Here I will explain how the Bible came to be what it is today.
This word comes from the word ‘reed’ and was understood to mean ‘standard’. It was the “rule of faith” described by early church father, Origen. Later the word was used to mean a list of approved books accepted by the church. In order for a book to be approved it went through tests for inclusion. These tests helped leaders to discern how each book should be qualified or disqualified. It’s important to point out that the church did not impose this standard, they simply applied the standard (God’s word from previously accepted Old Testament text) against the writings.
Early Church Challenges
Another reason that canonicity was imperative was that there were many issues in the early church that had to be addressed. The canon helped Christians to know what teachings were true. One of the issues during this time was heretics and we see the earliest evidence of this in A.D. 140 with Marcion. He compiled his own canon and began to teach it. Christians wanted to know what approved teachings were. The canon allowed them to apply a standard to the issue at hand. Another issue that had to be confronted during this time were the Gnostic Gospels. They have a resemblance to early Christianity but they were not Christian texts. These Gnostic texts spoke in opposition to Christianity and tried to paint Jesus and the disciples in a different light. Thankfully, Gnosticism was widely rejected by Christians along with their texts.

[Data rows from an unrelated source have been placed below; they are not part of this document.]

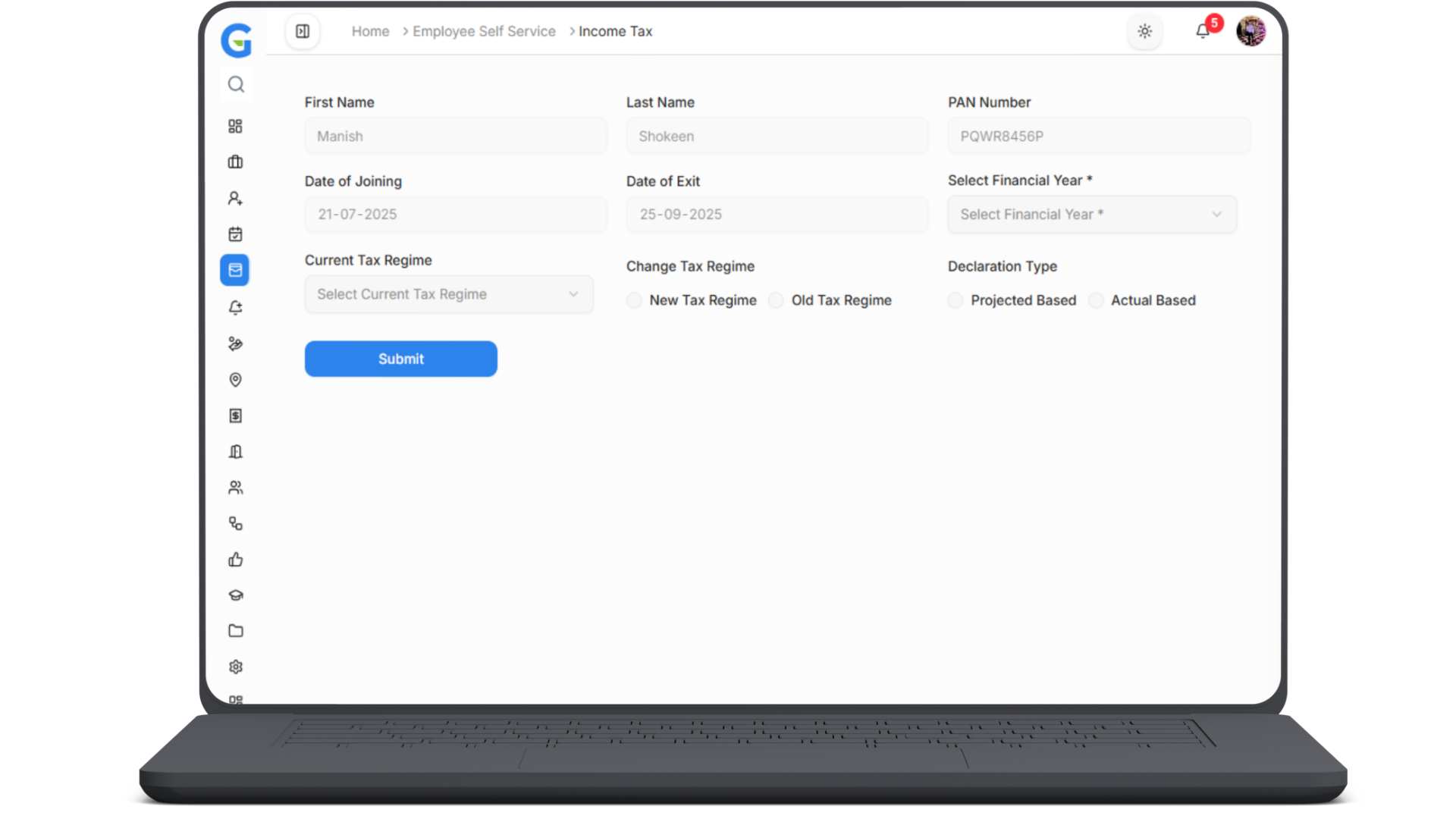 ESS Dashboard screenshot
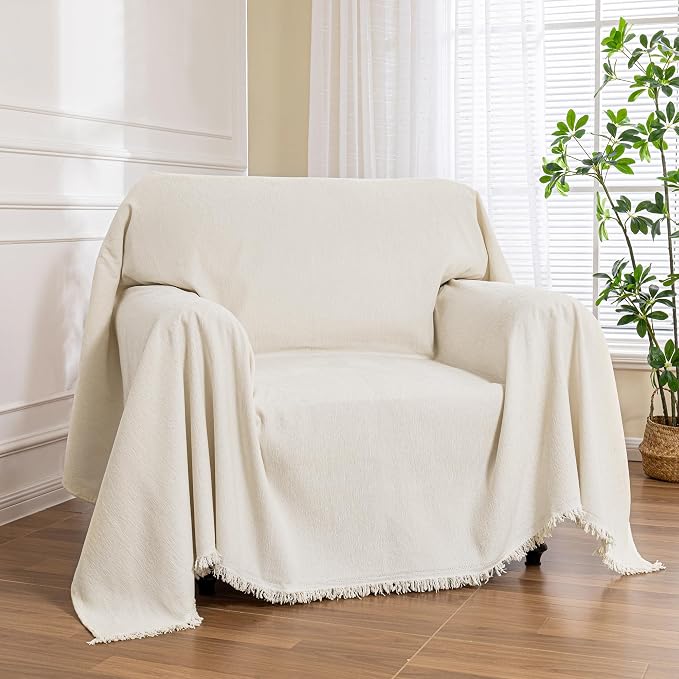 MEETSKY Oversized Chair Cover Washable Armchair Sofa Cover for Dog, Couch Protector for Sofa Single Cover, Small Couch Cover Sofa Throw Cover with Tassel, 71" x 91", Beige by MEETSKY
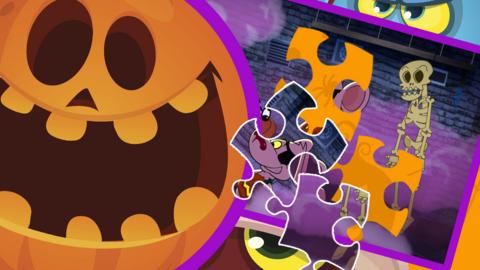 A spooky face and a Halloween jigsaw.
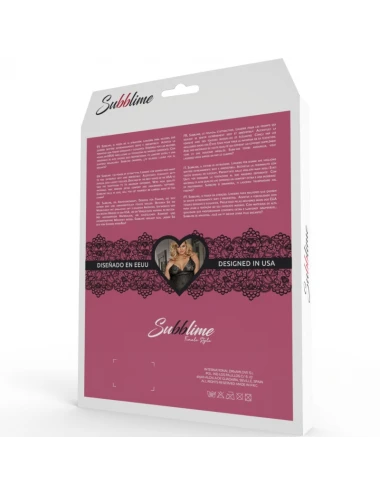 SUBBLIME QUEEN PLUS CORSETTO COSA E BLINDFOLD NERO E VIOLA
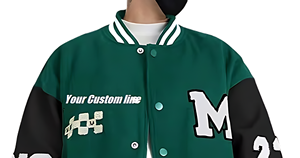 Veste universitaire classique OEM personnalisée en toile, style bomber, corps en laine, poignets côtelés, fermeture à boutons-pression, broderie, col contrastant - Product Image 2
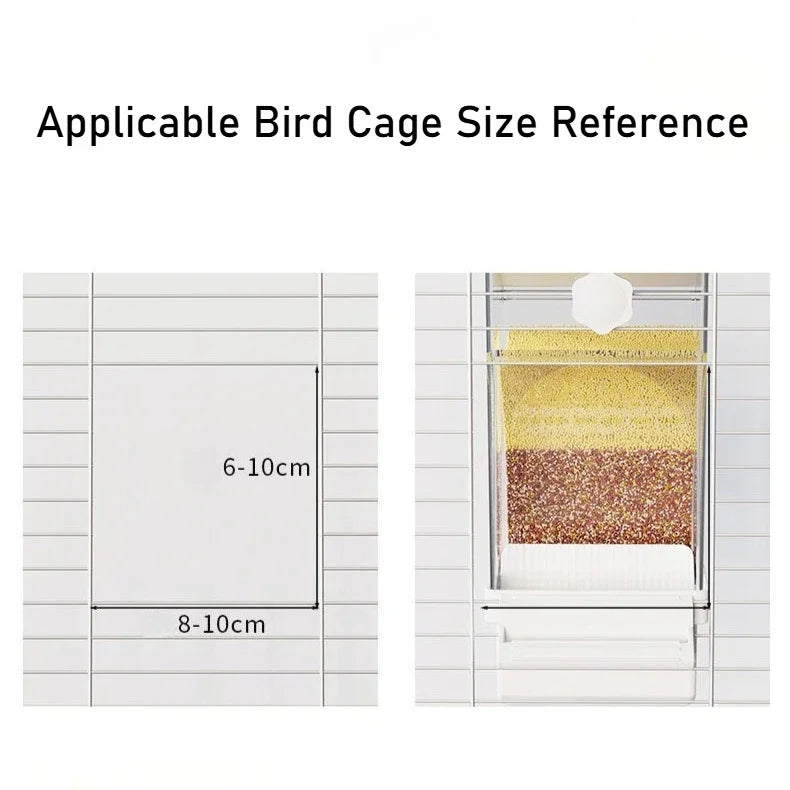 Reference guide showing the size of a bird cage for an automatic parrot feeder.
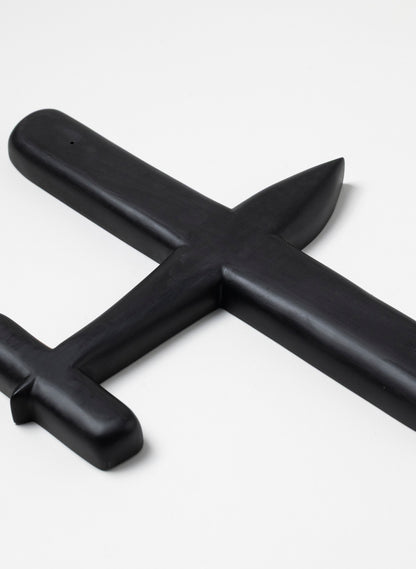 Black Oval Wing Resin Plane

The rejected writings that did not make the canon cut were rejected because they were written late or conflicted with previously approved canon. Sometimes they were rejected because of clear historical inaccuracies or because the writing style didn’t follow a prophetic or poetic style. Authorship was also an important factor in the rejecting process.
Although many people have been led to believe that the Council of Nicaea was responsible for canonicity, but it was actually The Synod of Hippo in A.D. 393. F.F. Bruce states that “when at last a church council—The Synod of Hippo in A.D. 393–listed the twenty-seven books of the New Testament, it did not confer upon them any authority which they did not already possess, but simply recorded their previously established canonicity.” Further, in regards to the Hebrew canon, evidence concludes that it was accepted in the 1st century and certainly no later than 150 B.C.
Scribes had an important job in the ancient world. They were tasked with copying the word of God and they took this job seriously. Scribes were aware of the importance of doing the job correctly. If they got the text wrong they knew there were serious problems that would arise if they were to record or copy something incorrectly. Further, today we have ample amount of evidence that proves the Bible’s accuracy.
-5,000+ Greek Manuscripts
-8,000+ Latin Manuscripts
-9,000+ Manuscripts from various languages
Additionally, with the writings of the early church fathers, we can reconstruct the entire New Testament. No other document of antiquity can compete with the Bible. Coming in second is Homer’s Iliad with 643 manuscripts. These numbers don’t even take into account the non-biblical writings that affirm the Bible.
I hope this helps to understand how the Bible was formed so that you are further equipped to defend your Christian faith.